--- Provided data ---
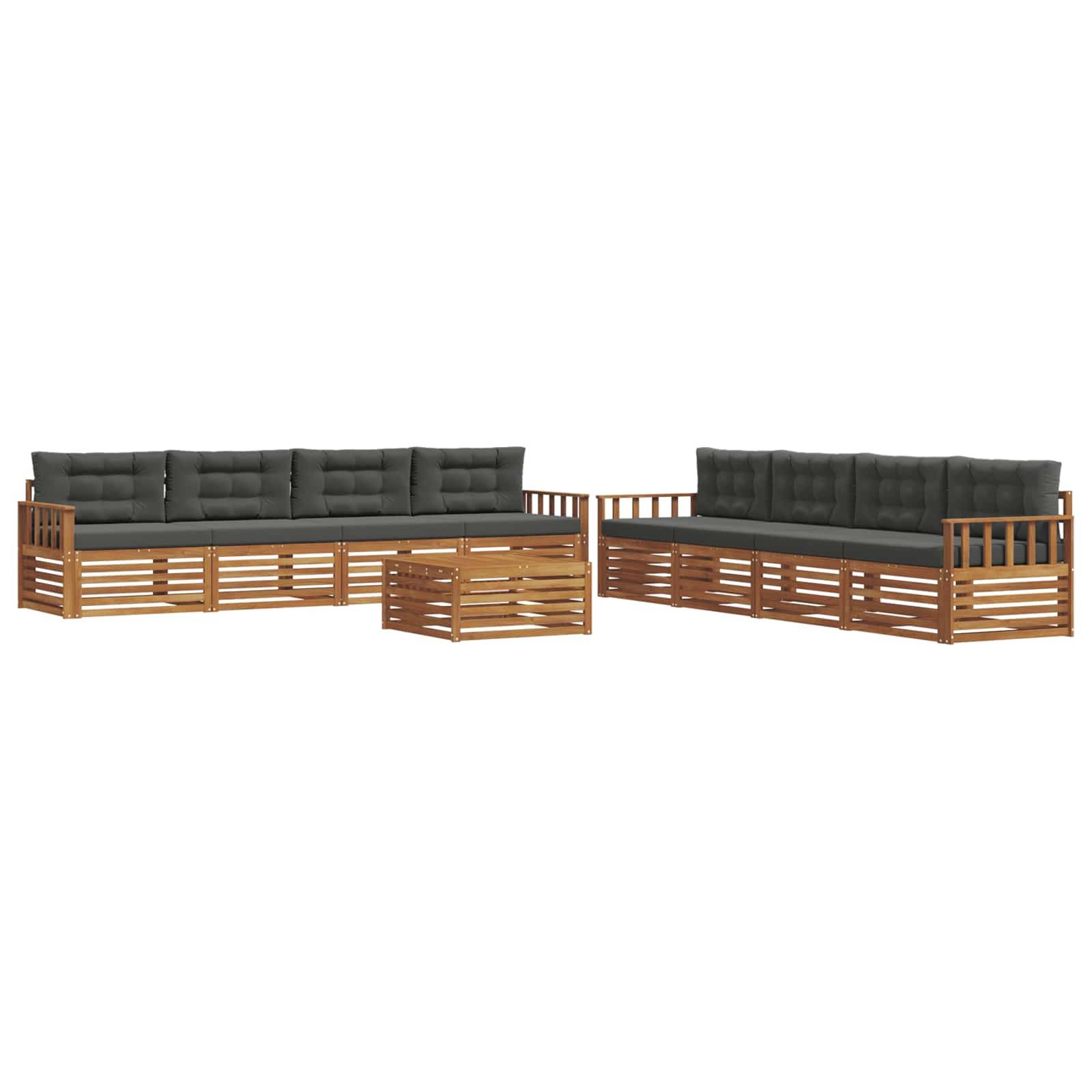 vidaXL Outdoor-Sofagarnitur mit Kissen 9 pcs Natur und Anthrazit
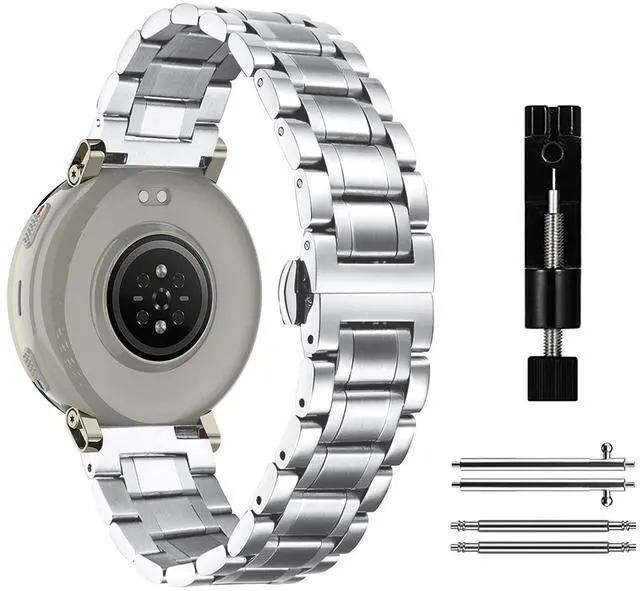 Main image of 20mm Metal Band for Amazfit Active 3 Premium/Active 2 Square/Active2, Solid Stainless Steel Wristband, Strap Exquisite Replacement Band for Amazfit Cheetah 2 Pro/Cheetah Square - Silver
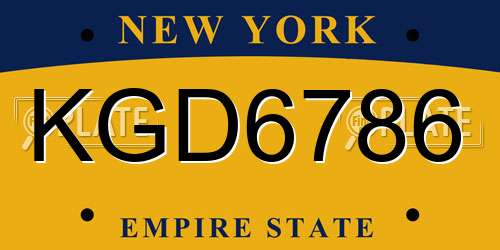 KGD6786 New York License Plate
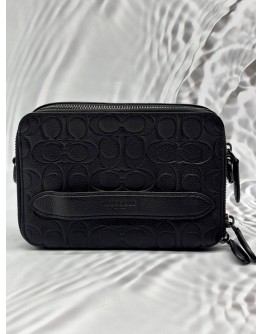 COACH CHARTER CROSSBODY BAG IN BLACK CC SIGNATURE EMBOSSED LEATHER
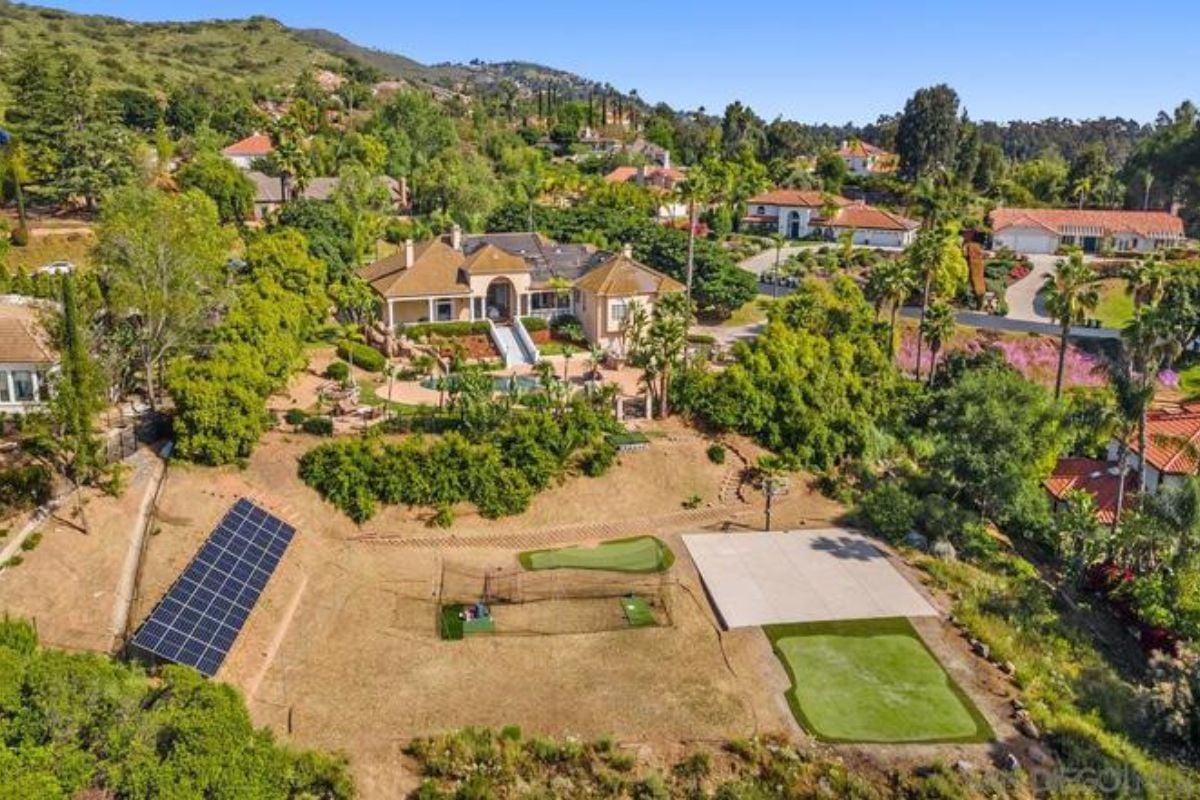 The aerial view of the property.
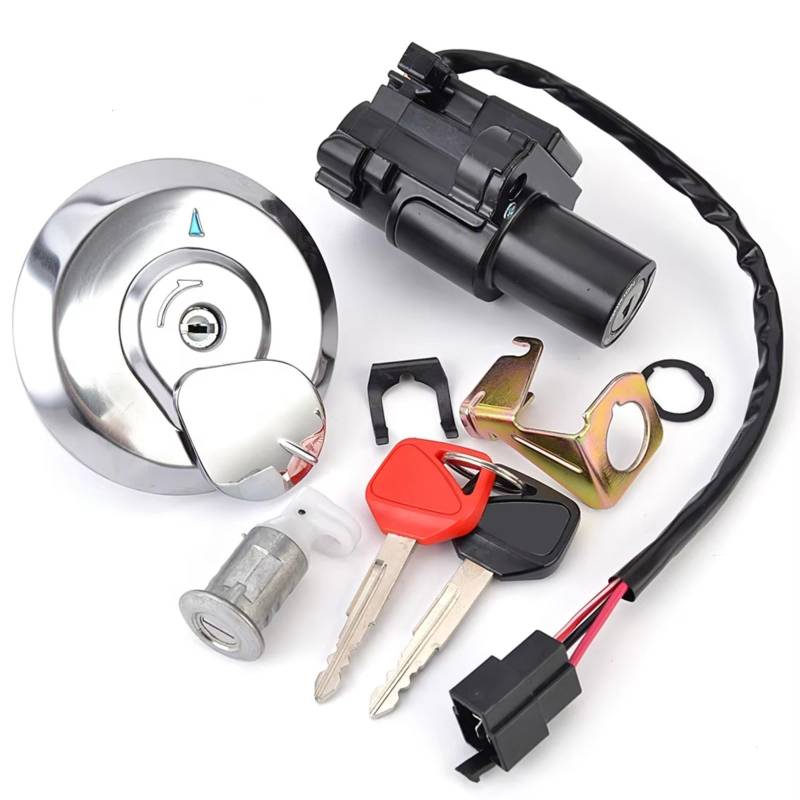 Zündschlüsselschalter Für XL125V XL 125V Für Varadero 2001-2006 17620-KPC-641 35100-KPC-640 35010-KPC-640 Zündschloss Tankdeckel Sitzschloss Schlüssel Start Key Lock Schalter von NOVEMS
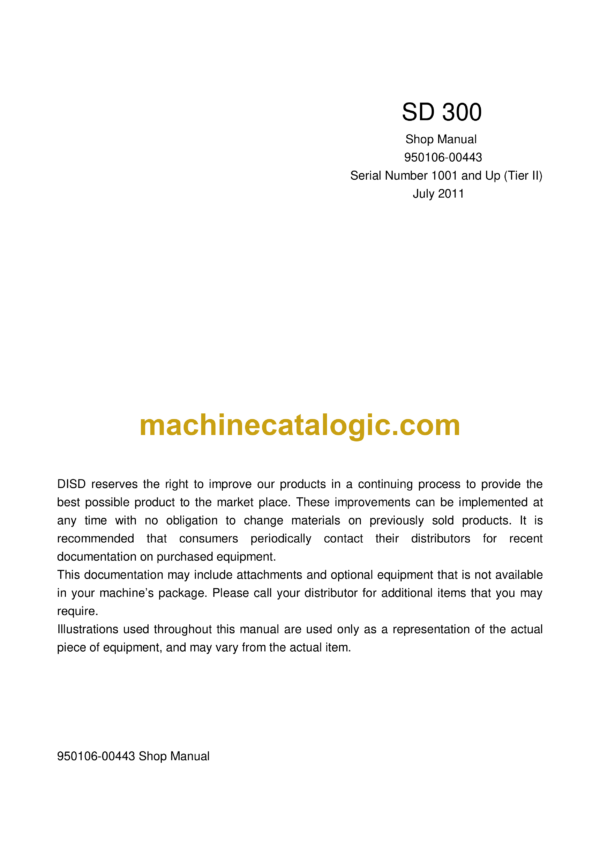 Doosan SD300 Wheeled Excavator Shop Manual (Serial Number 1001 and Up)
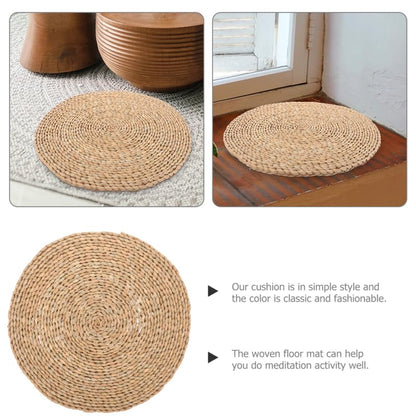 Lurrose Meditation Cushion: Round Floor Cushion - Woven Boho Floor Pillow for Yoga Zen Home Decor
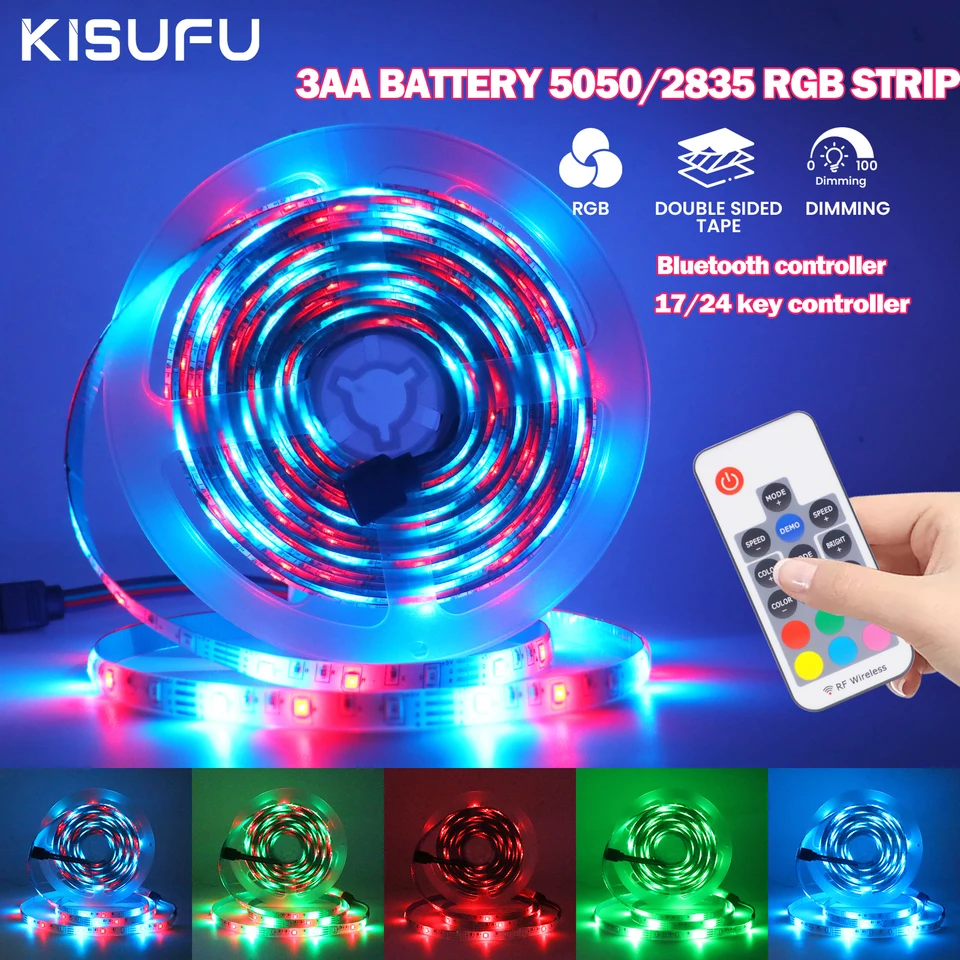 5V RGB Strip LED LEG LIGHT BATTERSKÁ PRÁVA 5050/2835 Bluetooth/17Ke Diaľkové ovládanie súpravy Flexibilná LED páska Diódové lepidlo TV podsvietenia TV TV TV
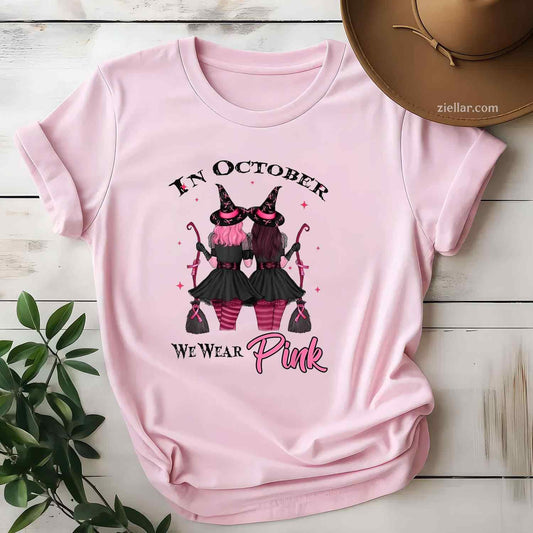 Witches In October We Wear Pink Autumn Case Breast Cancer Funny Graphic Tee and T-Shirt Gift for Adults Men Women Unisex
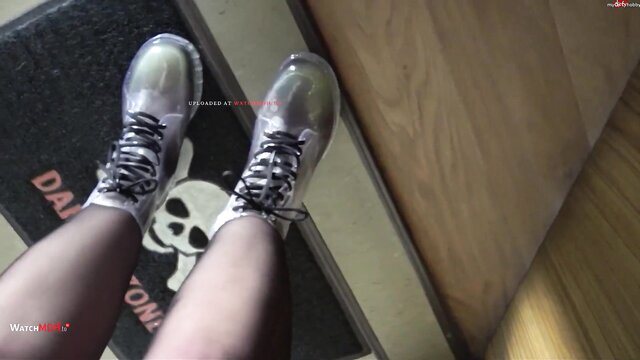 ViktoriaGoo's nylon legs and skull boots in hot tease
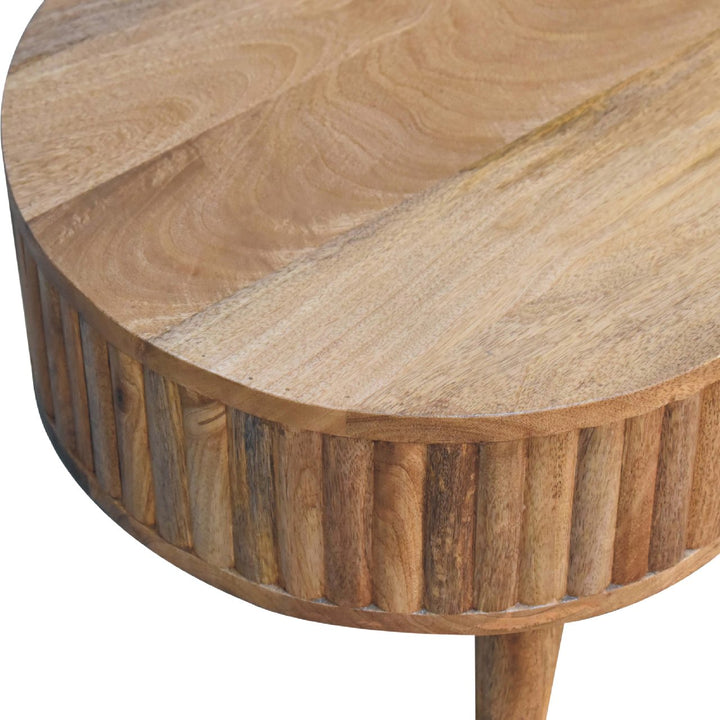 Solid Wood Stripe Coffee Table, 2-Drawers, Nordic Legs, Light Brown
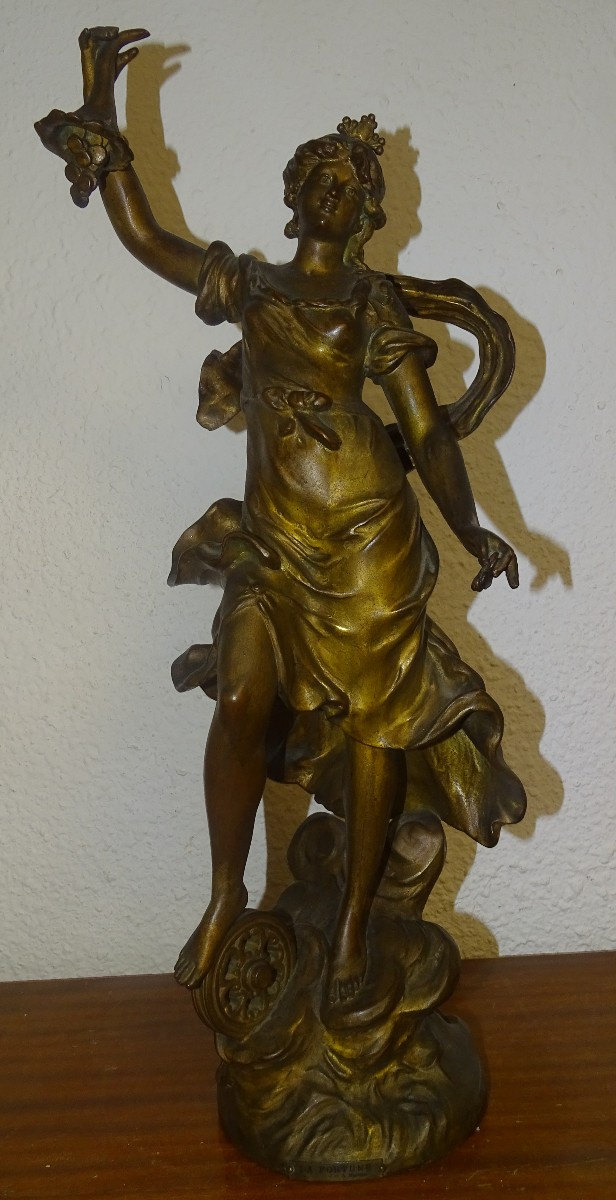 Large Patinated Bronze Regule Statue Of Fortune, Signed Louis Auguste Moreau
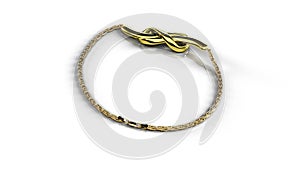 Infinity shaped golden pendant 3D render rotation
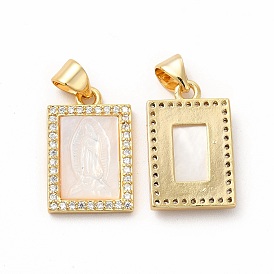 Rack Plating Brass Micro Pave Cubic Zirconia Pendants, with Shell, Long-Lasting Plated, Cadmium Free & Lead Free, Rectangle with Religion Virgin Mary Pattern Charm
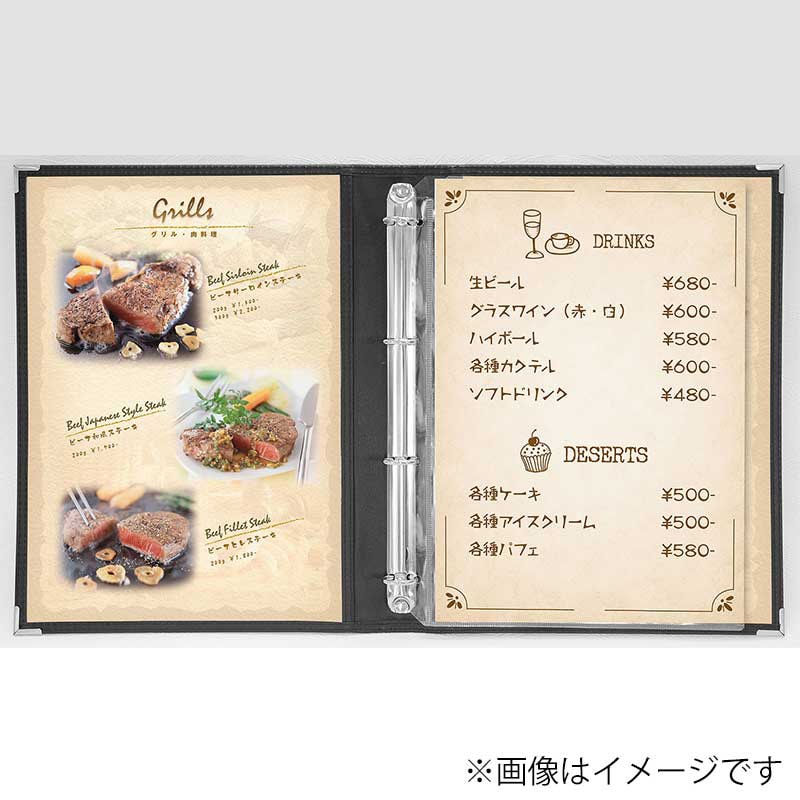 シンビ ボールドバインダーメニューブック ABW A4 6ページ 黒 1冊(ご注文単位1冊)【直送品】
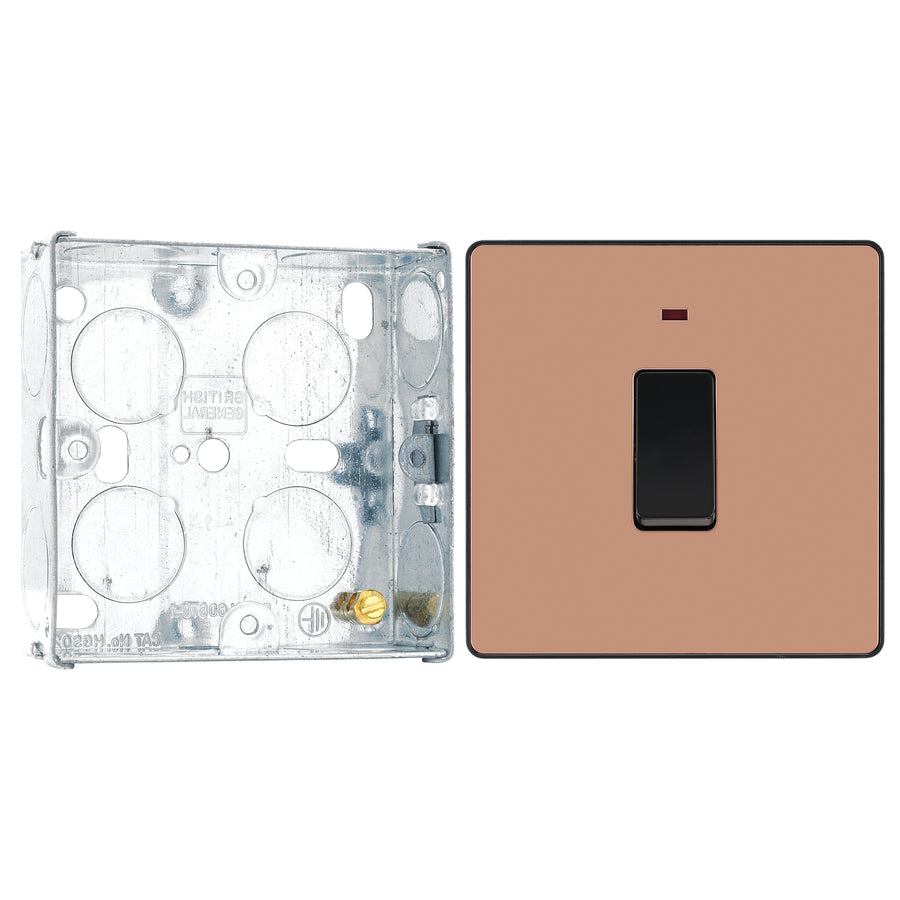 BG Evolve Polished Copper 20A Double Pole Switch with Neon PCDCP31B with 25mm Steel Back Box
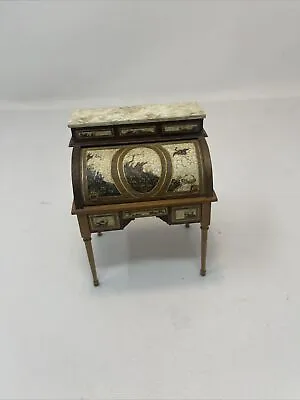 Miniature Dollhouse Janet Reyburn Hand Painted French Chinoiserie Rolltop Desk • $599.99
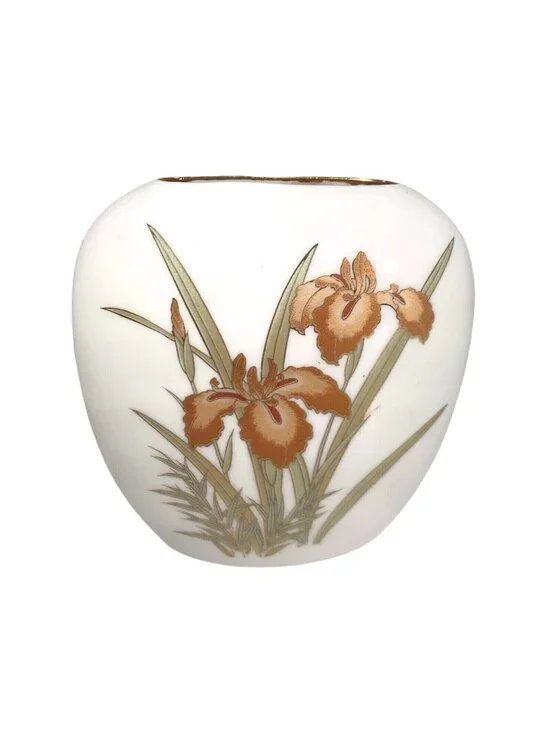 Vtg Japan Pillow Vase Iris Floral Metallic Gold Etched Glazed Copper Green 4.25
---
■ What to work on ■
The lines from the start of the records above through the line that holds "Main image of" are to be copied exactly, both ends included, and no pictures are to be copied.

■ Answer to the exercise ■
 vidaXL Outdoor-Sofagarnitur mit Kissen 9 pcs Natur und Anthrazit
 Main image of 20mm Metal Band for Amazfit Active 3 Premium/Active 2 Square/Active2, Solid Stainless Steel Wristband, Strap Exquisite Replacement Band for Amazfit Cheetah 2 Pro/Cheetah Square - Silver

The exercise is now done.